The biggest takeaway from Emceeing the Maui Writers Conference for 17 years and meeting some of the most inpsiring creatives on the planet, (e.g., Ron Howard, Carrie Fisher, Mitch Albom, Dave Barry) was:
INK IT WHEN YOU THINK IT.
One of our keynoters, former National Geographic photographer Dewitt Jones, is a walking-talking role model of why this is so important.
Dewitt and I were enjoying a walk/talk on Wailea Beach discussing intuition. What is it? Where does it comes from? How can we leverage it?
Dewitt was doing something that puzzled me. We’d walk for awhile and then he’d stop, whip out a little notebook and pen from his pocket and scribble something down. We’d go another few hundred yards and he’d do the same thing. I finally asked, “Dewitt, what are you doing?”
He said, “Sam, I used to get an idea and promise myself I’d include it in my next keynote or column, but then I’d get distracted and forget all about it.
I realized I make my living from my mind. I was throwing away this ‘gold’ my intuition and the muse were gifting to me. So I started carrying this notebook with me and writing things down the instant they occurred, so they’d be there waiting for me when I’m ready for them.”
Exactly. How many times have you gotten an intuitive flash – a whisper of an insight - and then gone about your day and forgotten it?
If there’s anything I’ve learned in twenty years of researching the topic of INTRIGUE; it’s that this is how our best thoughts are born. They POP! into our mind. And if we don’t jot them down, they’re out of sight, out of mind.
From now on, be like Dewitt. Carry a small notebook with you, or go to the App Store right now and download Otter.ai - a free voice recorder/instant transcription app that captures your Aha’s in real time.

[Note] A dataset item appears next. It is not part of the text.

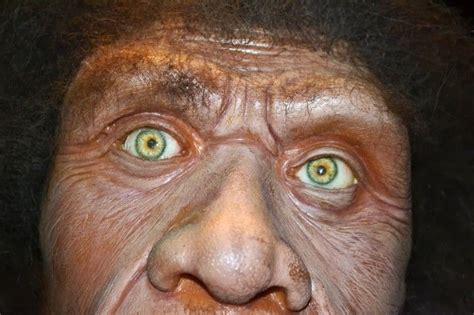 The denisovans or denisova hominins are an extinct species or subspecies of archaic human that ranged across asia during the lower and middl. Mystery human species emerges from Denisovan genome ...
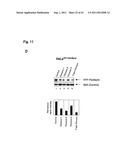 TARGETED MODULATION OF GENE EXPRESSION diagram and image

Please understand: epiphanies are in their purest form in their original form. We don’t have to understand where they come from, and we don’t have to know where they will fit into our work. Just trust that they will.
Ralph Waldo Emerson suggested we, “Learn to watch that gleam of light which flashes across the mind from within.”

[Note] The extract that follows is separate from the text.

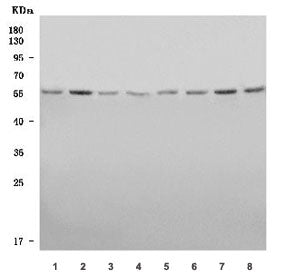 SMARCD1 Antibody / BAF60A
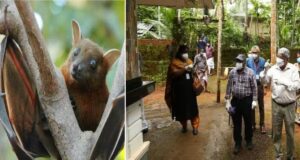 nipah virus in kerla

It’s not enough to “watch” those gleams of light - those cerebral sparks - that flash across our brain, we’ve got to capture them so we can fan them later. When we do, our life becomes our lab.
Pablo Picasso said, “The purpose of life is to find your gifts, the meaning is to give them away.”
Please understand, intuition is a gift and so are the Aha’s it delivers.
Aha’s are anti-infobestiy. For whatever reason, new dots have just connected in a new way. We have been gifted with something that broke through our brain’s screening filter and got our mental eyebrows up.
That means it has the potential to get other people’s eyebrows up - to enlighten them or inspire them to see things with fresh eyes.
It is our responsibility to record and share our aha’s. When we do, they are no longer limited to us, they are now serving and adding value for others.
Which is why, from now on, when you are “in the flow of thinks,” promise yourself you will honor the Creative’s Contract:
Jot thoughts when they’re hot.
Ink it when you think it.
Muse it so you don’t lose it.
Make your life your lab.
I promise, you will never regret capturing and sharing your aha’s - you’ll only regret NOT doing it sooner and losing opportunities to scale their impact - for good.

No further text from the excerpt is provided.